Follow-up on why we called the symmetric prior “the symmetric prior”#

Return to the discussion of priors for fitting a straight line.

Where does \(p(m) \propto 1/(1+m^2)^{3/2}\) come from?
We can consider the prior to be flat in \(m\) and \(b\), or to be flat in the angle between the line and the \(x\)-axis and in the perpendicular distance \(b_\perp=b \cos(\theta)\).
Evaluating the Jacobian for the transformation between \(\theta\) and \(b_\perp\) and \(m\) and \(b\) we find that a flat prior in the former leads to the prior:

\[ p(m,b) = \frac{c}{(1 + m^2)^{3/2}} \]
Why is this called “the symmetric prior’‘. Consider the line in which we take \(m'=1/m\) and \(b'=-b/m\). This is the line we would get if we consider the \(x\) as the dependent variable and \(y\) as the independent variable: \(x=y/m - b/m\).
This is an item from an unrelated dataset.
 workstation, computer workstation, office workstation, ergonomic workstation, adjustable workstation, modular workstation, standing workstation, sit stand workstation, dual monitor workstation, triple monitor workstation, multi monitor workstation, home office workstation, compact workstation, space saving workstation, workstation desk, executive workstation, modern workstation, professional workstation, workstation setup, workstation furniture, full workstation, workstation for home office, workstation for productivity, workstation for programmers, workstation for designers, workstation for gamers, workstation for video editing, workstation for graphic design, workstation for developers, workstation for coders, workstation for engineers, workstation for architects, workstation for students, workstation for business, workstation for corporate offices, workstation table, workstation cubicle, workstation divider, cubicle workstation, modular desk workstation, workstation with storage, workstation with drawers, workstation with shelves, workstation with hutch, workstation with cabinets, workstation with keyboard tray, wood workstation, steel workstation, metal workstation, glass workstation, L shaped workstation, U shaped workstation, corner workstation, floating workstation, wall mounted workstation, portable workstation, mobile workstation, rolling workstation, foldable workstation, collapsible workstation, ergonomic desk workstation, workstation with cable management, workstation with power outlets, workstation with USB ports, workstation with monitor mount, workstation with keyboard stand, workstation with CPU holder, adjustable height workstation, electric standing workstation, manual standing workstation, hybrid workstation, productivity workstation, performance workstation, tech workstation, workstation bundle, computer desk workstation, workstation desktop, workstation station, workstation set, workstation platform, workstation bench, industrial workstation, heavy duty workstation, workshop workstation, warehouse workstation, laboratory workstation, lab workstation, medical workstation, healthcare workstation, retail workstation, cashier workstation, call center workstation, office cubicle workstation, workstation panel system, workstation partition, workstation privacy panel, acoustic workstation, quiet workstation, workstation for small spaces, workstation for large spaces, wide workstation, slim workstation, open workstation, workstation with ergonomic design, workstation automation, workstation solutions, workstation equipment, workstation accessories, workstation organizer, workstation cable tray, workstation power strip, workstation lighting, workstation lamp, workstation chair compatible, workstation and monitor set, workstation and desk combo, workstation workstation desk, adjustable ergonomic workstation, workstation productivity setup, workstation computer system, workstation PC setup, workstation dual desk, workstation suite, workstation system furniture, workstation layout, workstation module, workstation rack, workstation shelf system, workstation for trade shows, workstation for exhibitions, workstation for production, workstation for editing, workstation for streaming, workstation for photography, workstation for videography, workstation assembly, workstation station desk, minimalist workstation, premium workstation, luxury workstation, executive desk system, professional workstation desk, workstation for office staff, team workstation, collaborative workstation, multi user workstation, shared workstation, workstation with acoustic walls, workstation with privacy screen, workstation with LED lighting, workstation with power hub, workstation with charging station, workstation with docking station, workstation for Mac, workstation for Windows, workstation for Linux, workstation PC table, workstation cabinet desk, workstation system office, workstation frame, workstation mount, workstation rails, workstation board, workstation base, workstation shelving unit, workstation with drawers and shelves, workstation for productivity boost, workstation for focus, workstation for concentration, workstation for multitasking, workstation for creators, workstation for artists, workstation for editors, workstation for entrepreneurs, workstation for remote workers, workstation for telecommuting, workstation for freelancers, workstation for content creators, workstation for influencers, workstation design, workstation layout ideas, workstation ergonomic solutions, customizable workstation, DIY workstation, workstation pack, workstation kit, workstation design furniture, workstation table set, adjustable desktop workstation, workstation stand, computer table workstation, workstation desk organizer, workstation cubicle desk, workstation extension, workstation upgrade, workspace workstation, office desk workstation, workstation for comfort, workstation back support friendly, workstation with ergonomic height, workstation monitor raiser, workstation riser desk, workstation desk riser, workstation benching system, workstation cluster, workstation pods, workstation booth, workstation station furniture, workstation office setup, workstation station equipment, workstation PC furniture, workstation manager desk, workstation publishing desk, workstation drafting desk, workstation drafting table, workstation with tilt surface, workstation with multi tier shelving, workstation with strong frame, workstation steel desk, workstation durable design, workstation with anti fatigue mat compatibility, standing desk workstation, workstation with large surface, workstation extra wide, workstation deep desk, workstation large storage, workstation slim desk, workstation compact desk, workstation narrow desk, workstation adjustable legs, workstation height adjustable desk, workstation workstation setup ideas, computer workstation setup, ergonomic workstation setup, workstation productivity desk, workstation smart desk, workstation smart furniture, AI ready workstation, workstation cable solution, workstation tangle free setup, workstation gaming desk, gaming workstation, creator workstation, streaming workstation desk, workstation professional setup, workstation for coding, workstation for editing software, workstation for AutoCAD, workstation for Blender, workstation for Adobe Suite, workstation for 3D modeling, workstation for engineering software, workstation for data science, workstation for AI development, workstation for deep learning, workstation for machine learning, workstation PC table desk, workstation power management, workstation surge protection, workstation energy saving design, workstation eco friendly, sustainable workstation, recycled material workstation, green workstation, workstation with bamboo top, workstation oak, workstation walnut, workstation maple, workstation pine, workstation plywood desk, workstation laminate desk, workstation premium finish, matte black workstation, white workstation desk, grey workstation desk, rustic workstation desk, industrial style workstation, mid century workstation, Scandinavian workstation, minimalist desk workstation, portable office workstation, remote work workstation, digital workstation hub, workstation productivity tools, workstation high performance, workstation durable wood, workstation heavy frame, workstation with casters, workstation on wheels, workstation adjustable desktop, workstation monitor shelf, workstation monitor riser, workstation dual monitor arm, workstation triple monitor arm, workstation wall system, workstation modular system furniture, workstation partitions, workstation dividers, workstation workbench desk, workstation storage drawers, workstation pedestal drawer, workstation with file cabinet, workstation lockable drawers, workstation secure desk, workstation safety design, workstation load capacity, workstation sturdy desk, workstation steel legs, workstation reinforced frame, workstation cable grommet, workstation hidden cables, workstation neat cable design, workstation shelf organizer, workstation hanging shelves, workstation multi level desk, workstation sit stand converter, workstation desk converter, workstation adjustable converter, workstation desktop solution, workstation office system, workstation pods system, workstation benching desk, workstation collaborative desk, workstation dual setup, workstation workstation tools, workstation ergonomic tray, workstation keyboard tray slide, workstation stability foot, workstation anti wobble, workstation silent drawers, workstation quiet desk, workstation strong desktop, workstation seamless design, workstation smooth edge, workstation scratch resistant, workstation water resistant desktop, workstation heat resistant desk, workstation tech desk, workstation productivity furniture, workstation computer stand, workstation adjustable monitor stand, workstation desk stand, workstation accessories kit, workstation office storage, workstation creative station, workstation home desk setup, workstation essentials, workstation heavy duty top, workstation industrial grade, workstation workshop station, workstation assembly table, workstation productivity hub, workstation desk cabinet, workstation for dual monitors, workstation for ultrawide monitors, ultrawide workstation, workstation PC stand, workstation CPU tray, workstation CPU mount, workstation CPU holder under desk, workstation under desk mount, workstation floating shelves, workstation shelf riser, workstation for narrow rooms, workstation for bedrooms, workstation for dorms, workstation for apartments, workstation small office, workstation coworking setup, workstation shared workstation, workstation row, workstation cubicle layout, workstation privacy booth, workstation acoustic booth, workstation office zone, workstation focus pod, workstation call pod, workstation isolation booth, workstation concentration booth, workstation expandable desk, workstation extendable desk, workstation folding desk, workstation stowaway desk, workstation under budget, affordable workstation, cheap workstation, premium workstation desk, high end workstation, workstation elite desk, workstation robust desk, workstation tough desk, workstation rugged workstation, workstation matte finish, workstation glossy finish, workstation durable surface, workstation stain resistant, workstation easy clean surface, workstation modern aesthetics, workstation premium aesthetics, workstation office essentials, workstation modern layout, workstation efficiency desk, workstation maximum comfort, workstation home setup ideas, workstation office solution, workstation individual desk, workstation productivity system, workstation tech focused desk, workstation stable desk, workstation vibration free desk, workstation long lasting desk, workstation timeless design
If we require that the problem be invariant under interchange of the \(x\) and \(y\) axes then we should rqeuire that the prior on \(m,b\) (i.e., \(p(m,b)\)) has the same functional form as those on \(m',b'\) (so \(p(m',b')\) with the same function \(p\)). This argument is due to Jaynes (1973), although Gull (1989) disagrees with Jaynes’ argument.
Then for the probabilities, we must have

\[\begin{split} p(m,b)\,dm\,db = p(m', b')\,dm'\,db' = p(1/m,-b/m)\left| \begin{array}{cc} \frac{\partial m'}{\partial m} & \frac{\partial m'}{\partial b} \\ \frac{\partial b'}{\partial m} & \frac{\partial b'}{\partial b} \end{array} \right|\, dm\,db \end{split}\]

Evaluating the Jacobian gives \(1/m^3\), so we need to solve the functional equation:

(2.1)#\[ p(1/m, -b/m) = m^3 p(m, b) . \]

Which our prior obeys.

Check that the prior satisfies (2.1)

Answer

\[ p(1/m, -b/m) = \frac{c}{(1 + (1/m)^2)^{3/2}} = \frac{c}{\frac{1}{m^3}(m^2 + 1)^{3/2}} = m^3 p(m,b) \quad \]

It works! Note that this prior is independent of \(b\).